Re: PATCH: pgbench - merging transaction logs

From: Tomas Vondra <tomas(dot)vondra(at)2ndquadrant(dot)com>
To: Fabien COELHO <coelho(at)cri(dot)ensmp(dot)fr>
Cc: PostgreSQL Developers <pgsql-hackers(at)postgresql(dot)org>
Subject: Re: PATCH: pgbench - merging transaction logs
Date: 2015-03-15 22:55:52
Message-ID: 55060DF8.9050600@2ndquadrant.com
Views: Raw Message | Whole Thread | Download mbox | Resend email
Thread:
Lists: pgsql-hackers

On 15.3.2015 20:35, Fabien COELHO wrote:
>
>> Firstly, the fact that pgbench produces one file per thread is awkward.
>
> I agree, but I think it is due to the multi process thread emulation: if
> you have real threads, you can do a simple fprintf, possibly with some
> mutex, and you're done. There is really nothing to do to implement this
> feature.

My fear was that this either requires explicit locking, or some implicit
locking - for example while fprintf() in glibc is thread-safe, I really
am not sure about Win32 for example. This might influence the results
for very short transactions - I haven't tried that, though, so this
might be a false assumption.

The way I implemented the merge is immute to this.

>> Secondly, a separate tool (even if provided with pgbench) would
>> require passing detailed info about the log format - whether it's
>> aggregated or not, throttling or not, ....
>
> Hmmm.
>
>>> It could belong to pgbench if pgbench was *generating* the merged
>>> log file directly. [...]
>>
>> I considered this approach, i.e. adding another 'collector' thread
>> receiving results from all the other threads, but decided not to
>> do that. That would require a fair amount of inter-process
>> communication, locking etc. and might affect the measurements
>
> I agree that inter-process stuff should be avoided. This is not what
> I had in mind. I was thinking of "fprintf" on the same file handler
> by different threads.

That still involves some sort of 'implicit' locking, no? And as I
mentioned, I'm not sure fprintf() is thread-safe on all the platforms we
support.

>>> Another issue raised by your patch is that the log format may be
>>> improved, say by providing a one-field timestamp at the beginning
>>> of the line.
>>
>> I don't see how this is relevant to this patch?
>
> For the simple log format, all the parsing needed would be for the
> timestamp, and the remainder would just be text to pass along, no
> need to %d %f... whatever.

Oh, ok. Well, that's true, but I don't think that significantly changes
the overall complexity.

>>> The current IO complexity is in p²n where it should be simply pn...
>>
>> Maybe. Implementing a 2-way merge sort was the simplest solution at
>> the moment, and I don't think this really matters because the I/O
>> generated by the benchmark itself is usually much higher than this.
>
> If you do not do a n-way merge, you could do a 2-way merge on a
> binary tree so that the IO complexity would be p.log(p).n (I think),
> and not p²n.

Yes, I could do that.

I still think this probably an overengineering, but not a big deal. I'll
leave this for later, though (this patch is in 2015-06 CF anyway).

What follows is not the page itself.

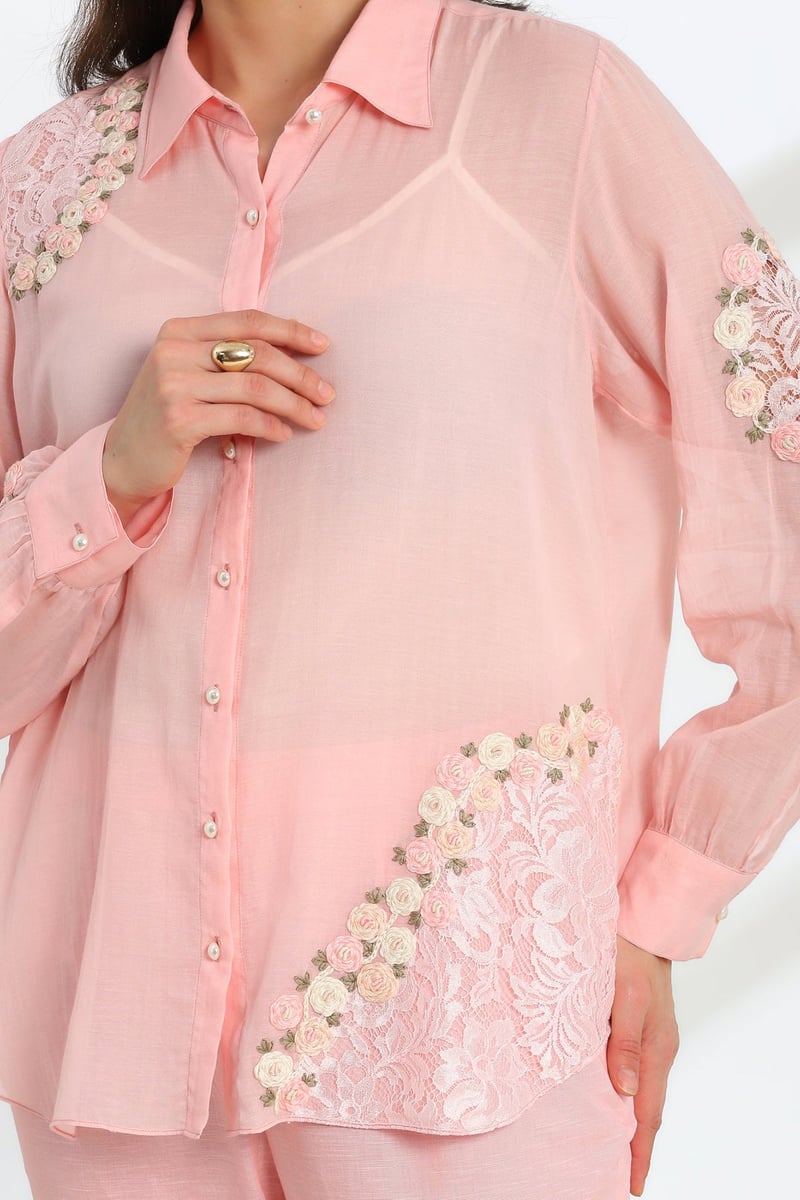 Blush Pink Sheer Mul Chanderi Shirt With Lace Detail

>>> For aggregates, some data in the output may be special values
>>> "NaN/-/...", [...]
>> You mean the aggregated log? I can't think of a way to get there such
>> values - can you provide a plausible scenario how that could happen?
>
> Possibly I'm wrong. Ok, I tried it:
>
> sh> ./pgbench --rate=0.5 --aggregate-interval=1 --log
> sh> cat pgbench_log.12671
> 1426445236 1 5034 25341156 5034 5034 687 471969 687 687
> 1426445237 0 0 0 0 0 0 0 0 0
> 1426445238 0 0 0 0 0 0 0 0 0
> 1426445239 1 8708 75829264 8708 8708 2063 4255969 2063 2063
> ...
>
> Good news, I could not generate strange values. Just when there are
> 0 transactions possibly some care should be taken when combining
> values.

Yeah, I wasn't able to come up with such scenario, but wasn't sure.

>
>>> It seems that system function calls are not tested for errors.
>>
>> That's true, but that's how the rest of pgbench code is written.
>
> Hmmm.... This is not entirely true, there are *some* checks if you look
> carefully:-)
>
> if ((fd = fopen(filename, "r")) == NULL) ...
> if ((fp = popen(command, "r")) == NULL) ...
> nsocks = select(...)
> if (nsocks < 0) ...

OK, there are a few checks ;-) But none of the fprintf calls IIRC.

Anyway, I plan to refactor this part of the patch to get rid of the
copy'n'paste pieces, so I'll take care of this too.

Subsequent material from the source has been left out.